Caffe and Imagenet

Hi all,
i’m testing the Nvidia Jetson TK1 and reading this post http://devblogs.nvidia.com/parallelforall/embedded-machine-learning-cudnn-deep-neural-network-library-jetson-tk1/ it’s specified that the Jetson with caffe and cuDNN is able to process (i guess they mean classify) an image in just 34 ms, however writing the script for the classification in python the performance i got are worse than this… In particular processing one single image I’ve an execution time of 0.6 sec and processing 15 images in parallel I’v an average execution time per image of 0.08 sec, so even running the classification in parallel I’m not able to achieve the specified performance.
I’v installed the last L4T, caffe and cuDNN from the relative repositories, do you have any suggestion about this strange behavior or i’m missing something?

Thank you all

Have you maximised CPU, GPU and EMC clocks?

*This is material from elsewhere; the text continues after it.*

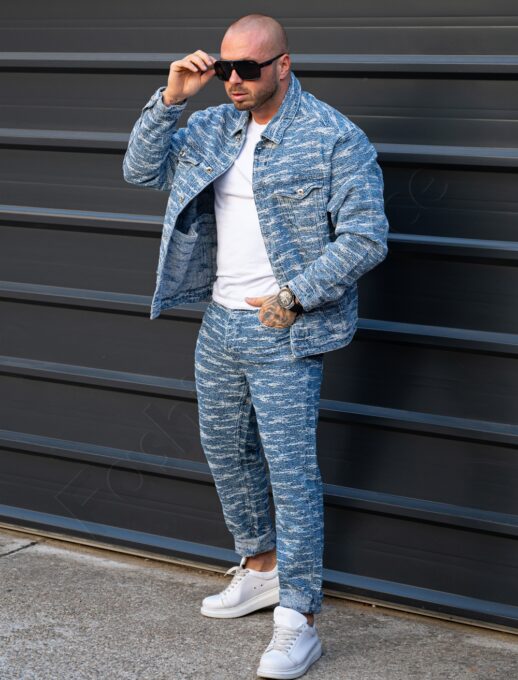 Compleu pentru barbati din denim cu efect zgariat-albastru deschis cod 5121-L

More about setting those can be found from the wiki:
http://elinux.org/Jetson/Performance

Here’s a blog entry for setup of Caffe on the Jetson which discusses the steps to recreate their results:

and with cuDNN:

Note that Python is not used in the examples. The blog posts include step by step video instruction.

I corrected what I’ve done, now caffè shows the rxpected results, however python is far a way from this, I’m wondering if there this is due by the fact that the test done repeatetly during each iteration and so what we see is a cached results that is not what you get during a normal execution.